Надо сказать, от такой речи Юрию Ильичу стало не по себе. Он опасливо покосился на муху и встал из-за стола — хватит с него чаю на сегодня. И пошёл прямиком к батарее, где газета уже не просто высохла, а была готова вот-вот вспыхнуть подобно сверхновой.
Он набрал номер, глубоко вдохнул и нажал на кнопку вызова.
* * *
В банке на него смотрели странно. На всклокоченного, потрёпанного жизнью мужика, который брал немаленький кредит и просил выдать ему наличность мелкими купюрами. Сказать ничего не могли — давний клиент, как-никак, уважаемый человек!
И когда он передавал эти деньги из рук в руки странному человеку неопределёного возраста в толстых прямоугольных очках, он тоже выглядел помешанным, сбрендившим, с лихорадочным блеском в глазах и трясущимися руками.

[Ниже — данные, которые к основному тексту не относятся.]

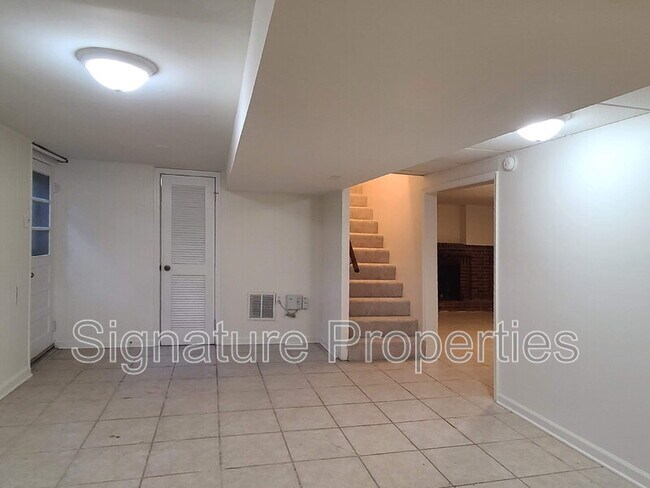 Building Photo - 204 Mt Pleasant Blvd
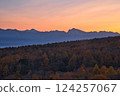 The Southern Alps and autumn leaves dyed in the sunset 124257067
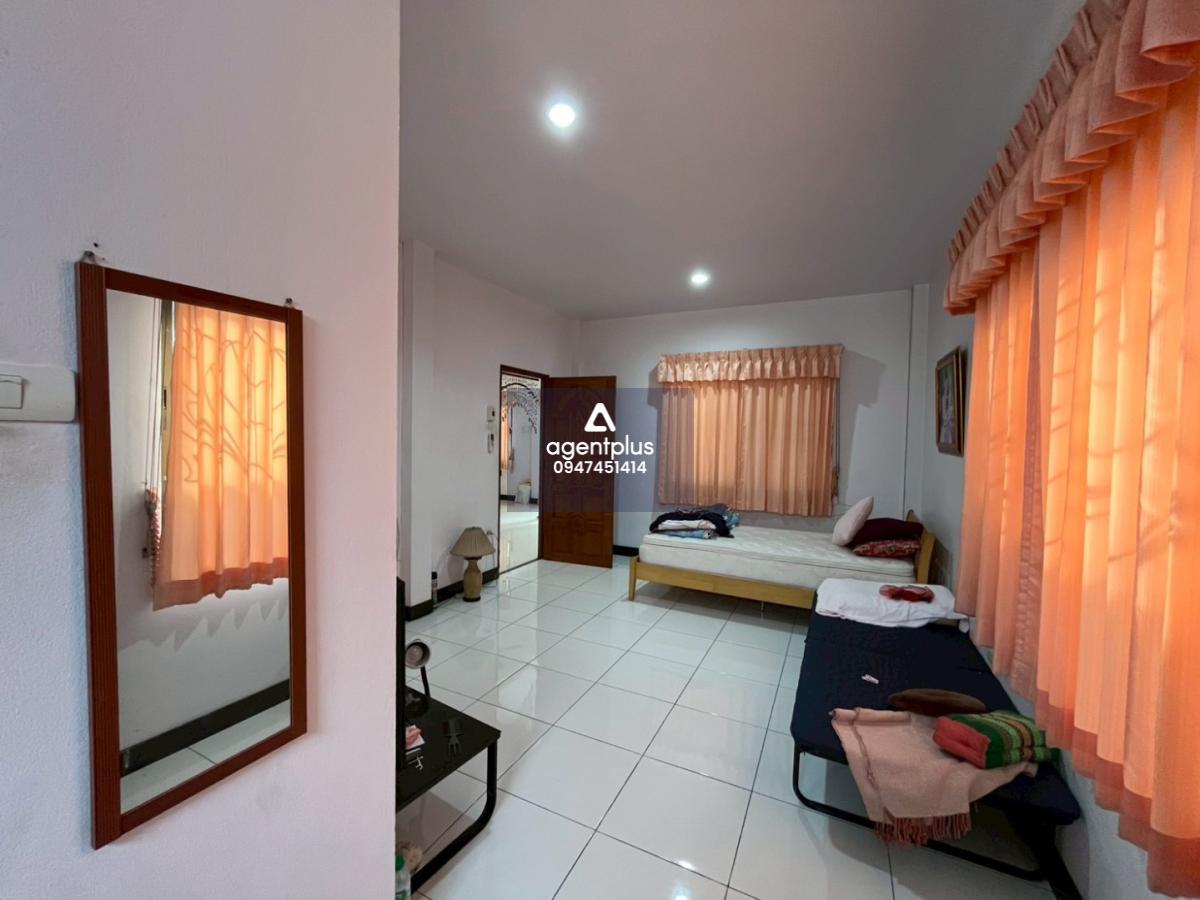 ขายบ้านเดี่ยวหลังมุม แปลงใหญ่ ทำเลดี เมืองพัทยา หมู่บ้านเอกมงคล 1 | พื้นที่เยอะ เป็นส่วนตัว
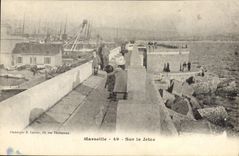 CPA Marseille sur la Jetee 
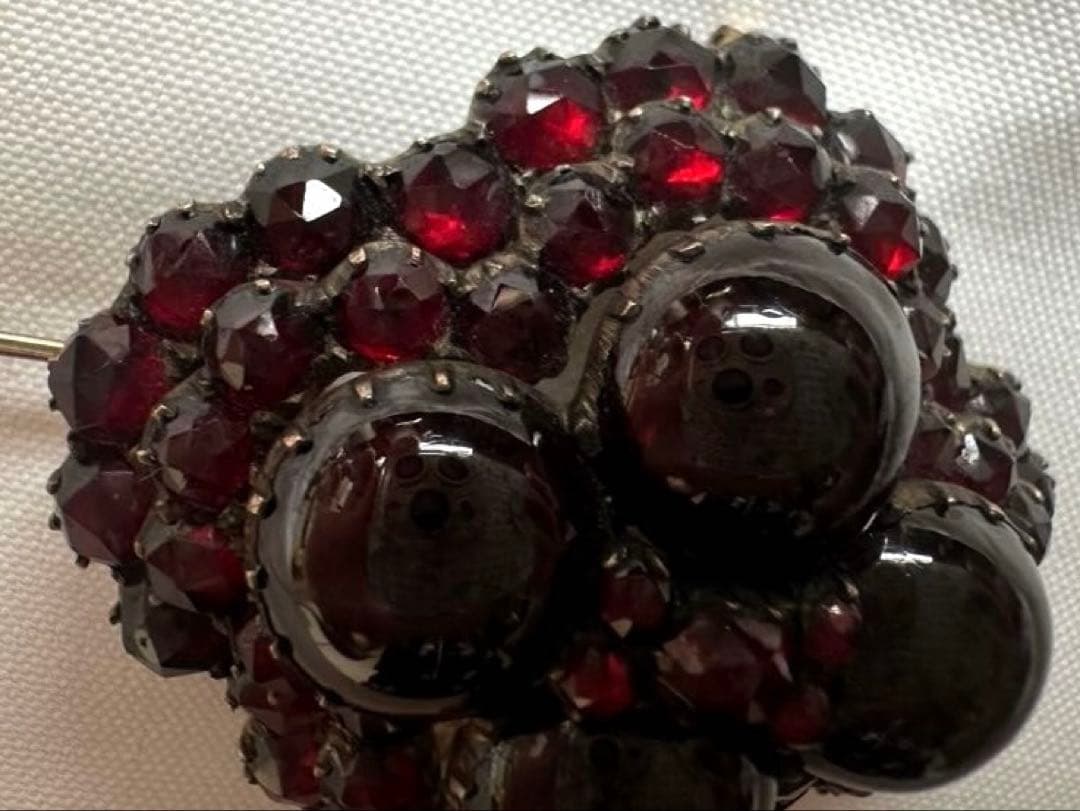 アンティーク　ガーネットブローチ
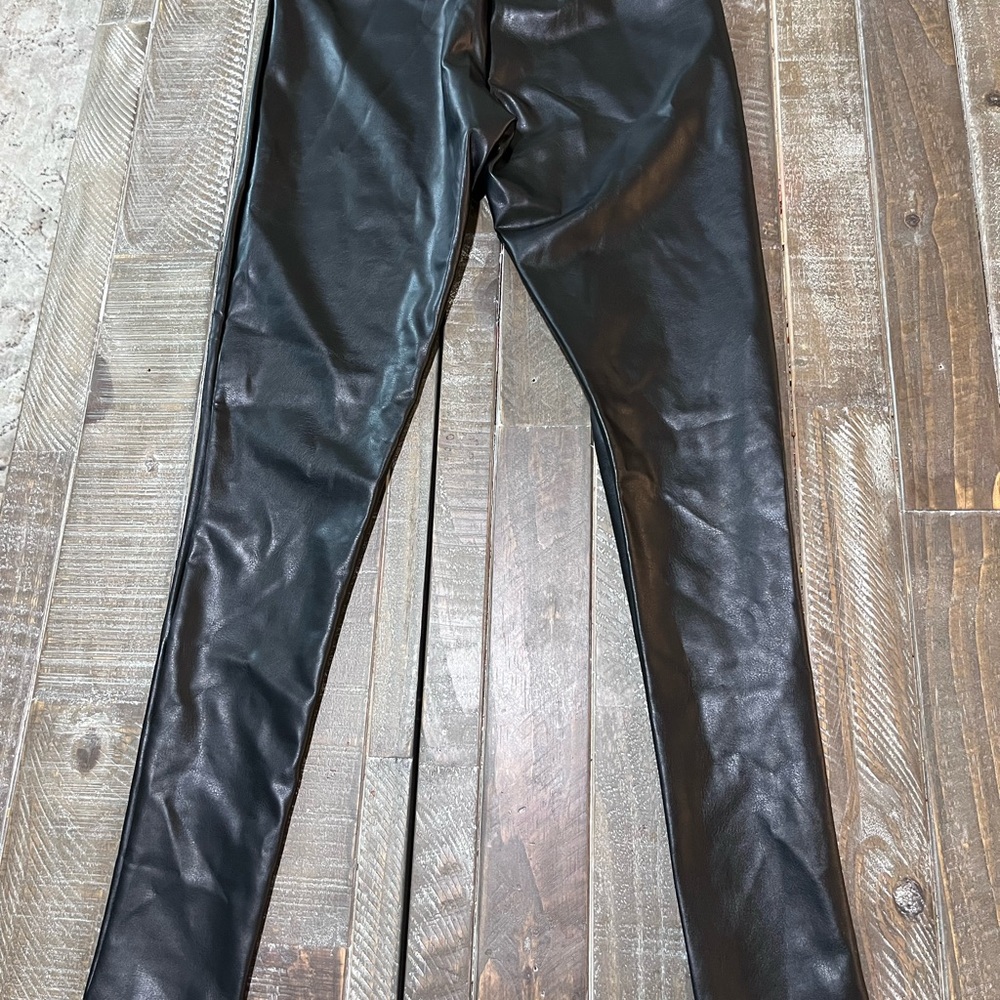 Asset by Spanx‎ black leggings - Picture 2 of 3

Странный человек не задавал много вопросов. Он вообще ничего не спрашивал — это Юрий Ильич говорил и говорил, говорил и говорил, словно, замолкни он хотя бы на мгновение, и надежда на дивный новый мир рухнет, погребя под обломками его самого и всю его жизнь. Он рассказывал обо всём: о Ларисе Петровне, о парне с фасеточными глазами, об антропном принципе и о том, что у него почему-то до сих пор нет внуков-педиков. Странный человек кивал и, казалось, даже не насмехался над его умопомешательством. У старого гаишника в кои-то веки зародилась совершенно осязаемая надежда, что его мучениям пришёл конец и он освободится от своего ярма, и даже тогда, когда ему пришлось передать из рук в руки внушительную сумму, он чувствовал только облегчение.
Может быть, это закончится. Когда-нибудь.
Когда странный человек захлопнул за собой входную дверь, Юрий Ильич наконец рухнул на свой диван и исступленно, совершенно по-детски зарыдал.